The real crisis in educational funding is not the lack of tax revenues. Instead, it is the failure to restrain spending on teachers’ and administrators’ salaries – the biggest part of any school district budget. In many districts, the per-pupil costs have skyrocketed and teachers’ salaries have grown at rates that far outpace inflation.

Here are several examples in Franklin County:

• Columbus. Between 1998 and 2009, enrollment decreased by 18.4percent, but the per-pupil expenditure increased by 90.4 percent, from $7,181 to $13,673, far outpacing inflation, which was 29 percent. From 2001 to 2009, the average teacher’s pay increased 41.2 percent, from $45,814 to $64,680, while inflation was 21 percent. Prorated to the standard full work year of 2,080 hours (teachers contractually work 1,350 hours), the average teacher would have earned $99,655 in 2009. Had the average teacher’s salary increased with inflation from 2001 to 2009, Columbus would have saved nearly $30 million in 2009.

• Gahanna-Jefferson . Between 1998 and 2009, enrollment grew by 5.5 percent, but the per-pupil expenditure increased by 80 percent, from $6,271 to $11,289. Similarly, average teacher’s pay increased by 44 percent from $46,733 in 2001 to $67,494 in 2009. Prorated to the standard full work year, the average teacher would have earned $103,991 in 2009. Had the average salary increased with the rate of inflation from 2001 to 2009, Gahanna would have saved $5 million in 2009.
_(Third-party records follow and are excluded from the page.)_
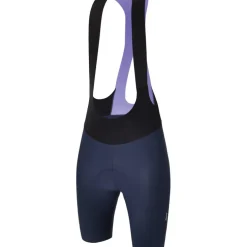 Santini Redux Speed Fietsshorts met Bretels Dames 3S1065C3WREDUXSPD - blu nautica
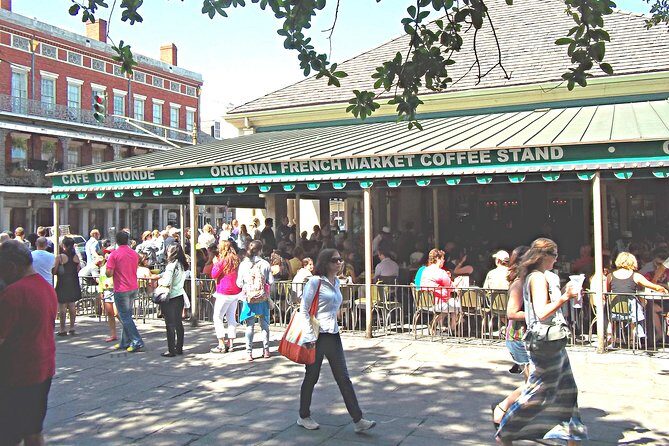 New Orleans French Quarter- At your own pace. Downloadable audiovisual tour. - What Makes This Tour Stand Out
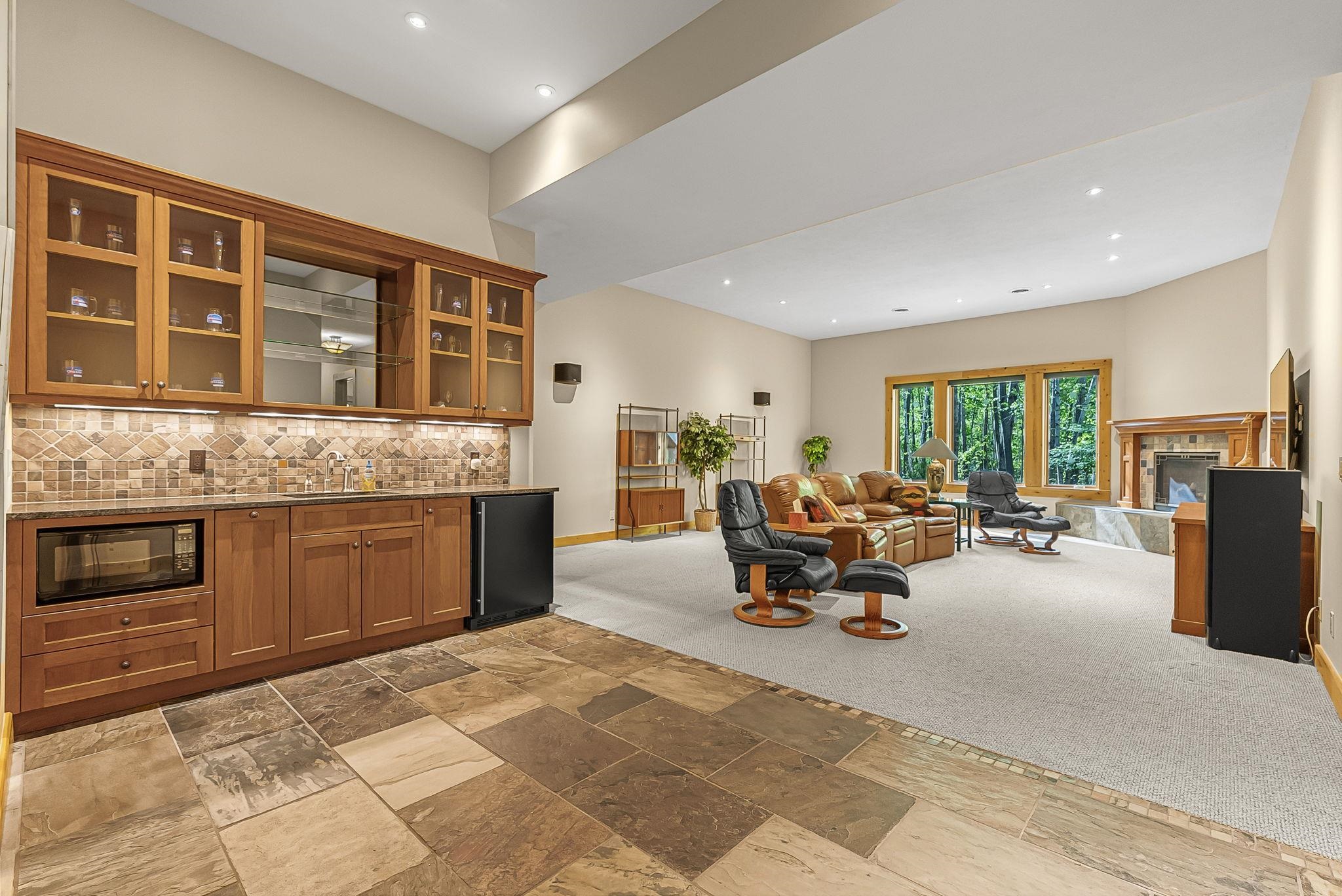 9697 Herkelrath Road Onekama, MI 49675 - Photo 43 of 67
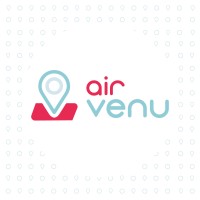 AirVenu logo, AirVenu contact details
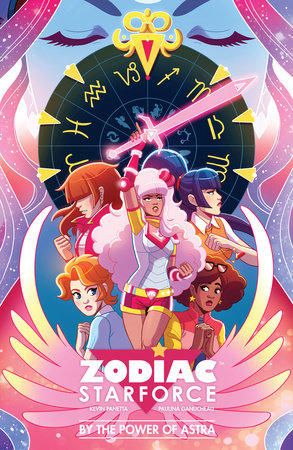 Zodiac Starforce: By the Power of Astra Paperback by Kevin Panetta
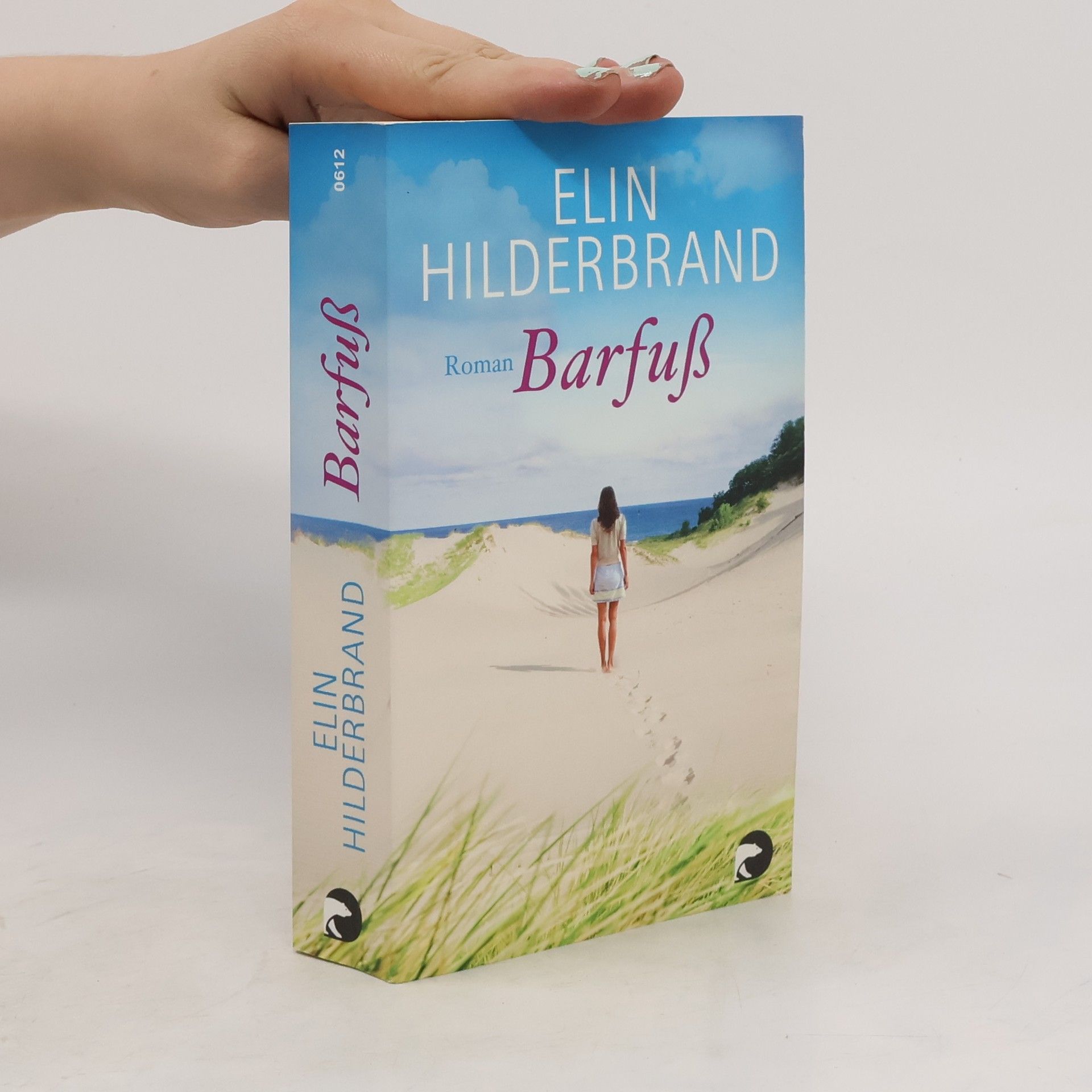 Elin Hilderbrand Barfuß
• Hilliard . Between 1998 and 2009, enrollment grew by 37.5 percent, yet per-pupil expenditures increased by 76.2 percent from $6,070 to $10,697. From 2001 to 2009, the average teacher’s pay increased 42.7 percent from $45,352 to $64,703. Prorated to the standard full work year, the average teacher would have earned $99,690 in 2009. Had the average salary increased with the rate of inflation from 2001 to 2009, Hilliard would have saved $8.5 million in 2009.

When a school district asks for more money, taxpayers have the chance to examine spending and decide whether an increase is warranted. If the school district is not restraining costs or if it is spending frivolously, the taxpayers can send a clear message to the school district that it needs to make do with the resources it has been given. Thus, district residents can hold their schools accountable – for now.

The 2009 Ohio budget created a new kind of levy: the conversion levy. If passed, this levy would create a permanent, indefinite increase in property taxes and, consequently, in school revenues. Had a conversion levy been passed in 1998, Columbus schools would have collected an additional $170 million in revenue between 1998 and 2008 without the district ever having to go back to the voters. Likewise, during the same period, Hilliard and Gahanna would have collected an additional $43 million and $20 million, respectively, had the districts passed conversion levies in 1998. Fundamentally, the conversion levy removes the best accountability measure taxpayers have to keep their school districts in check.

By cutting various programs to save money, school districts continue to nibble on the margins without making any real strides toward solving the systemic funding crisis.

While teachers and administrators continue to receive salary increases that far outpace the rate of inflation, many of their private-sector neighbors are taking pay cuts, losing jobs and struggling to make ends meet. It is unfair to saddle these folks with higher property taxes at a time when we are in the worst single decade for investors since the 1830s, just so teachers can be compensated at a level that is out of touch with economic reality.